And unresolved mistakes will make them feel resentful or drained of love and force them to break up.

So again, no matter how much you love or despise your ex, don’t try to break up your ex’s new relationship. You won’t be able to do that even if you try. You’ll just push your ex away and feel even more desperate to have a say in your ex’s life.

As a dumpee, you must understand that you lack the power to influence your ex and that it’s immoral and completely pointless to try to destroy your ex’s new relationship. You’ll feel much better if you protect your karma, focus on healing, and do your best to let go of control.

Do you want your ex’s new relationship to fail? Why do you want it to fail so badly? Let us know if this article helped you figure some things out and if it dissuaded you from taking revenge and causing problems for your ex. We’d love to hear your thoughts on this.

However, if you’d like to talk to us about your urge to see your ex’s new relationship fail, subscribe to coaching with us.

18 thoughts on “I Want My Ex’s New Relationship To Fail”

  1. Another good article from you Zan!

    I’m super grateful that you are helping us find healthy way to heal!
    That’s the most important part about me.
    My ex started an affair with a girl then broke up with me.
    And after a year did the full announcement thing hahah but I found that up and a lot of family member new.
    Better to not full anyone with those stupid actions.
    The good part is that i’m feeling so good with everything around me and myself first of all.

    Thank you Zan ❤️

    1. Hi Linda.

      He’ll have to live with his actions till the end of his life. If he’s a moral person or if his morals improve, it won’t be easy for him.

      Kind regards,
      Zan

  2. My ex jumped into a new relationship right away, with one of the friends she met a couple of months before the break up. I suspect that she was talking to him before the break up as she acted distant in those last few weeks. I don’t know if I want her or not. But she manipulated me and made me think that I made mistakes and that’s why she broke up.

    1. Hi Santosh.

      She most likely was talking to the guy before the breakup. She developed feelings for him (emotionally cheated) and left you for him. After that, she convinced herself you were the problem to assuage guilt.

      You can do better.

      Sincerely,
      Zan

  3. Hey Zan,

    That’s strange because unlike others, I wish my ex well and I hope that she finds happiness in life, depsite what she did to me and how bad she treated me (she monkey branched and dumped me out of the blue like if our 10 year relationship meant nothing).
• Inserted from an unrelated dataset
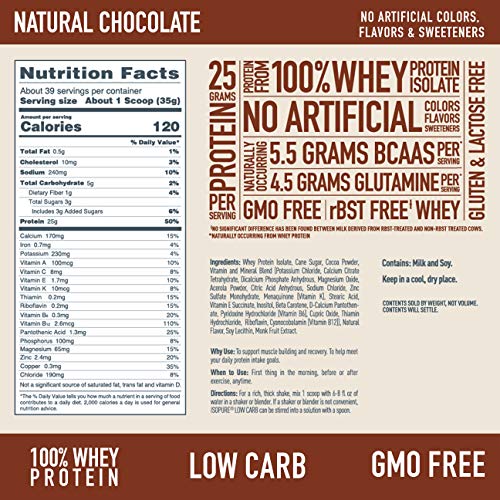 Image of Isopure Whey Protein Isolate - 1.36 kg (Natural Chocolate)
    In a way I wish I would feel differently, because that means that I am still attached to her.

    1. Hi Rick, I feel the same, even though she didn’t monkey branched. I think it might be a sign that you’re detached on the contrary. Maybe you realized that the relationship wasn’t going to work anyway and despite hurting you, the decision might have been the right one?

      I don’t know how long post breakup you are, but for me, a bit more than 6 months later, I am in between, sometimes I hope she’ll find happiness and joy in her life, even if it’s not with me, sometimes I hope she’ll feel the pain I experienced when she left.

      I think that as a dumpee, you need to forgive but not forget. I will never go back with her even if she wanted to since I would always be reminded of the pain and turmoil she put me thru while living her best life and having fun and sex with other ppl.
      On the other hand, time has passed.. I dont even remember what it was like to be in love with her, but I slowly accepted the breakup and dont wish anything bad upon her. You have all the rights to leave someone. And it’s rare that people get into a relationship knowing it’ll end. At some point, she commited to you, loved you but maybe you grew apart, or she changed, you changed… We have to accept that everyting has an end, even life itself. Nothing lasts.

      By accpeting and forgiving, I think we stop being resentful and move on more easily. It’s a weird feeling, after all the pain, how can I be ok with forgiving? I think it shows maturity and emotional intelligence and resilience.

      My grandfater left my grandmother 30 years ago and recently told her how much he regretted hurting her (I guess when you approach the end of your life, you want to make amends and dont want anybody to hate you). She didnt hate him for it, but told him she would never forget the pain. Though she rebuilt her life and found someone better or who fits her more.

      Tim

    2. Hi Rick.

      When your feelings for her disappear, your perception of her will change. You might not hate her (I hope not), but you certainly won’t value her and think she’s unique.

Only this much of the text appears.